(Source material)

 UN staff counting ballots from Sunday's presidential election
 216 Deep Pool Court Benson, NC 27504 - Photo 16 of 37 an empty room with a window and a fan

(End Source material)
(Source material)

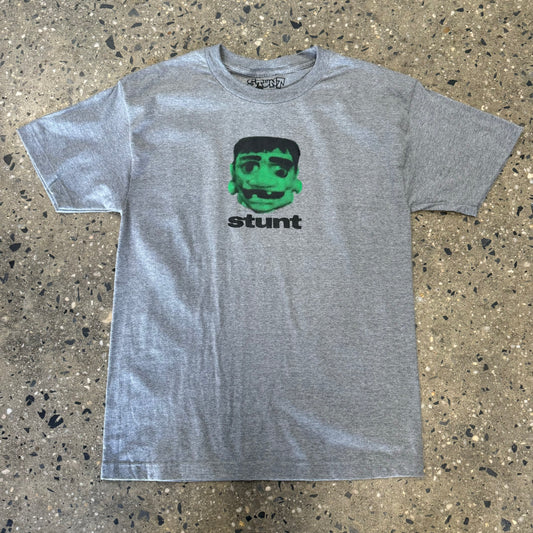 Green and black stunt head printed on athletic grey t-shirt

(End Source material)

(What you should do):
Go to the line in the material above that contains "UN staff counting" and copy exactly from there through the line that contains "216 Deep Pool", stopping after it.

(Completed task):
 UN staff counting ballots from Sunday's presidential election
 216 Deep Pool Court Benson, NC 27504 - Photo 16 of 37 an empty room with a window and a fan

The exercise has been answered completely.